In light of the large public majority in Scotland that voted against Brexit, the Scottish National Party has now signaled their intent to proceed toward a second independence referendum. It is unclear how this will take place without the explicit consent of the UK government, as unlike David Cameron in 2014, none of the Conservative leadership contenders have shown support for such a vote. Scotland could likely rely on the support of some EU members as well as the European Parliament, while other members, especially Spain with separatist Catalonia in mind, would be adamant that no precedent be set for a country (UK) to leave the EU and a piece of it (Scotland) remain or be grandfathered back into the EU. Hence a transitional twilight period for Scotland being legally out but de facto still politically in the EU would have to be negotiated. The Scottish issue is moreover one area where the EU, should it be so inclined as part of the Article 50 negotiations, could play nasty with the British government. Generous publicly announced terms for Scotland’s “grandfathering into the EU”—all in the name of democracy and the will of the Scottish people—would fan the secessionist flames in Scotland, pressuring the UK government.
In the longer run, if the economic situation in the UK worsens as a result of the Brexit vote, a united Ireland might also become a real political option.

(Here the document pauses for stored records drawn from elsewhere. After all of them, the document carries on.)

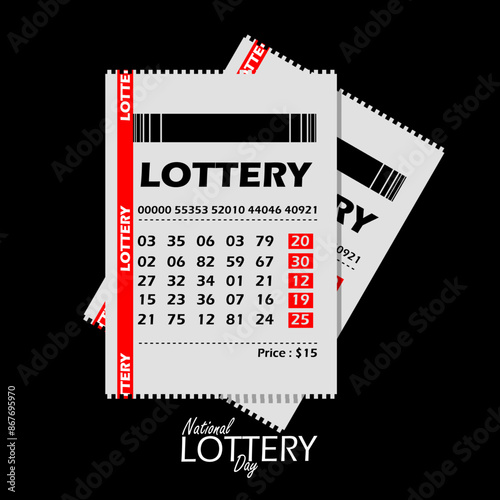 National Lottery Day event banner. Illustration of lottery paper sheet on black background to celebrate July 17th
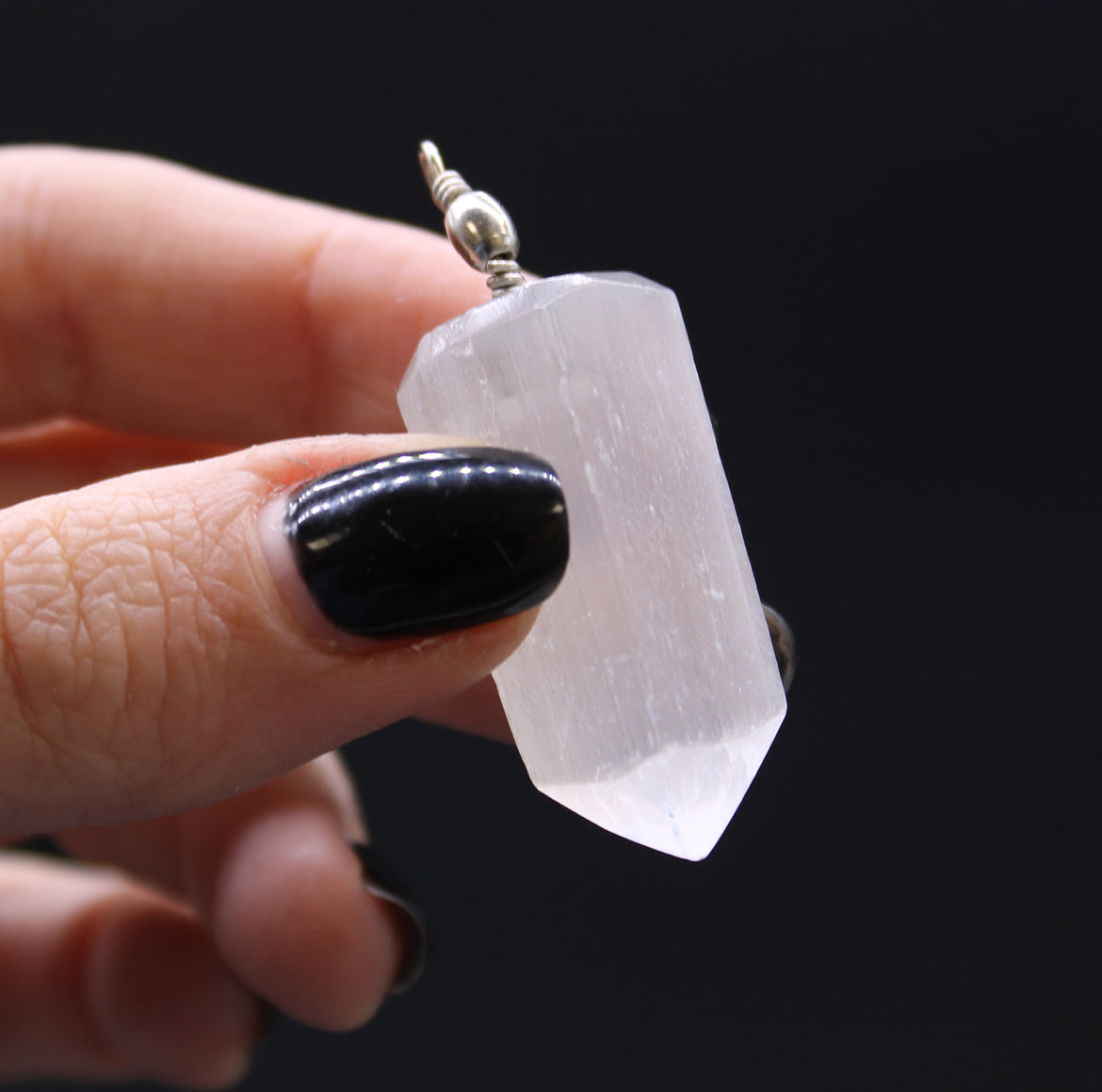 Selenite Obelisk Pendant With Cord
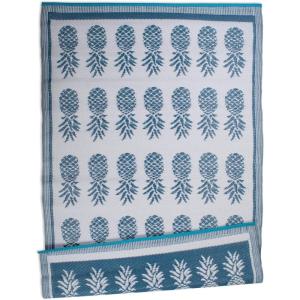 imageDII Reversible IndoorOutdoor Pineapple Woven Rug 4 x 6 BlueBlue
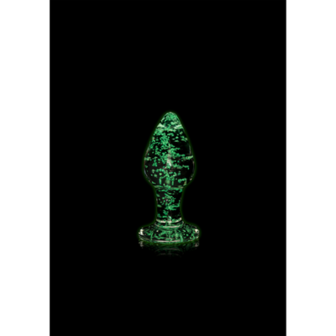 Glas Buttplug - Glow in the Dark - Klein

Robbed of EU financial support, with London less able to commit scarce fiscal funds to Northern Ireland, facing a land border once again with the rest of Ireland, and with Irish Catholicism maturing into a less politically active and atavistic faith, a centrist majority for reunification on economic grounds might materialize. Catholic and unionist voters who care about the Northern Irish economy may in time chose the perceived economic stability of a united Ireland over remaining in the UK.